Because of the necessity of working with many interactive linkages between hydrology, engineering design, economics, esthetics, perception and communication mechanisms, and many other factors, the involvement of an interdisciplinary team was seen as essential to research on developing an approach for prescribing an effective combination of remedial and preventive flood plain management to alleviate the consequences of flooding along small urban waterways. A team organized through the Environmental Resources Center (an entity having a role of research coordination) at the Georgia Institute of Technology was comprised of eleven people in six disciplines plus two or three times as many others in supporting roles. Each had a strong commitment to function in an interdisciplinary manner and not through a group of loosely coordinated multidisciplinary efforts. In addition to attacking the flood management problem, the interdisciplinary team represented a deliberate effort to probe the constraints on interdisciplinary research at the university level and propose institutional and organizational adjustments for making such groups more effective.

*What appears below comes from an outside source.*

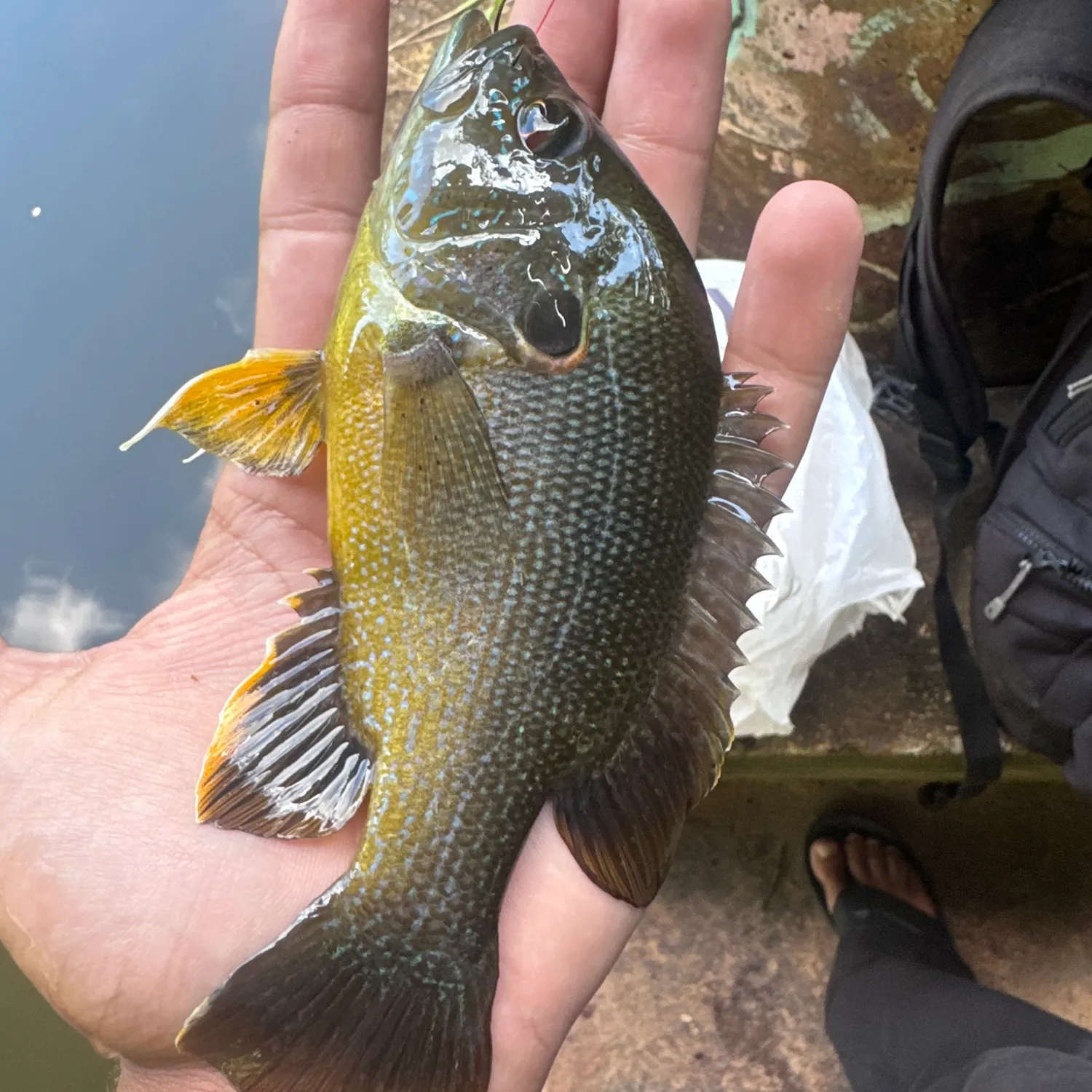 Greengill hybrid caught on Fishbrain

While the team did make some significant contributions in terms of gathering data pertaining to the research problem, none of its members were really satisfied with their accomplishments. The working team was asked to use its experience as a basis for making recommendations which it believed would help subsequent teams to be more successful and through an iterative process of individuals forwarding propositions and group discussion produced a set of 27 specific recommendations. The report, written by a member who joined the team about a year afterwards, contains material describing the objectives of interdisciplinary organization, a history of how the team was organized and functioned, a discussion of organizational problems encountered, and an assessment of team morale and team effectiveness. Each point is discussed in the context of the 27 recommendations made by the team.

Key recommendations were that team members be recruited who are problem oriented but have sufficient discipline focus to function successfully, that the administration of the project not be tied to any specific discipline, that a core staff within the administrative unit be organized to keep the team moving, that viable research assignments be given each team member early in the total effort, that the role and responsibility of each team member be clearly defined, and that informal support from the university hierarchy and community be cultivated. If universities are to address successfully the social issues of our times, they must seek such mechanisms for extending their competences beyond issues neatly fitting within traditional disciplinary molds.